Stagnation Stress: German Exporters Expect Bleak Future
Companies in Germany that rely on exports are becoming increasingly concerned about the future of the country's economy, according to a new industry survey. The downturn in optimism is yet another indication that Europe may be in for a period of extended stagnation.
In April, Germany's central bank, the Bundesbank, was optimistic. Springtime would bring a rapid recovery from the winter blues and an increase in investment, it said. "Business activity expectations for the German economy have recovered quickly and strikingly in the last three months," the Bundesbank wrote in its report.
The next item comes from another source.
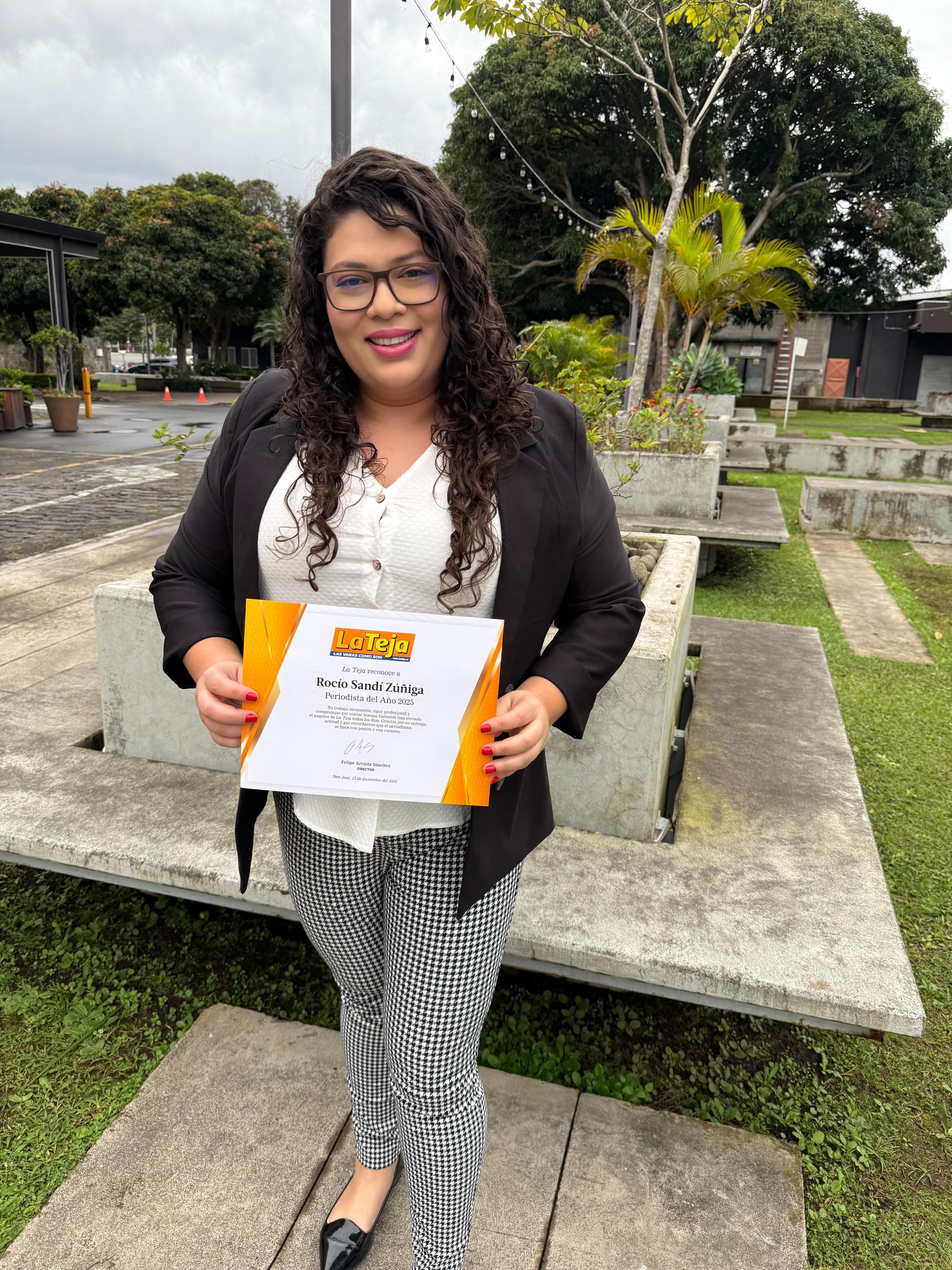 La Teja entregó su premio al Periodista del Año 2025, la ganadora fue Rocío Sandí Zúñiga, quien es de la sección de Nacionales. Hubo mención honorífica para Fabiola Montoya.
The bank's optimism, however, may have been a touch premature. German exporters are becoming more pessimistic as the spring progresses. On Thursday, the Association of German Chambers of Commerce and Industry (DIHK) released the results of a survey showing that companies dependent on exports are much less optimistic than a short time ago. While 30 percent still expect overseas turnover to rise, one in eight believe it will fall.
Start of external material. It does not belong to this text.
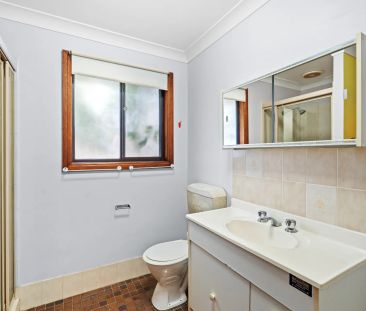 Spacious Villa - Conveniently Located - Photo 6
"Exports are likely to develop less dynamically in the coming months," the DIHK writes in the report, which is based on survey of 25,000 companies.
The new report comes at a time when many are forecasting an extended period of stagnation for the euro-zone economy. Last week, the European Union statistics office released growth numbers for the first quarter of this year indicating that nine of 17 member-states of the common currency zone are now in recession, with the zone as a whole shrinking by 0.2 percent in the first three months of this year. Germany's economy, while showing growth, is hardy robust, expanding by a mere 0.1 percent from January to March. With several bloc economies mired in debt and economy malaise, the future is murky.
'Dangers of Half-Measures'
Mark Carney, outgoing Bank of Canada governor, who is heading across the Atlantic to become head of the Bank of England on July 1, became the latest Cassandra earlier this week. In his final speech as Canadian central bank chief, Carney said of Europe: "Deep challenges persist in its financial system. Without sustained and significant reforms, a decade of stagnation threatens." He added that: "Europe can draw lessons from Japan on the dangers of half measures."
The DIHK on Thursday also lowered its own expectations for German economic growth, sinking its prognoses for the entire year from 0.7 percent to a paltry 0.3 percent. "The German recovery has been postponed," said DIHK head Martin Wansleben in Berlin. In addition to concern about exports, Wansleben also noted the unusually cold late-winter weather in March.
Some 41 percent of German companies that took part in the survey said that weak foreign demand was the primary risk facing their businesses. "The uncertainty hasn't been this great since 2010," the DIHK said.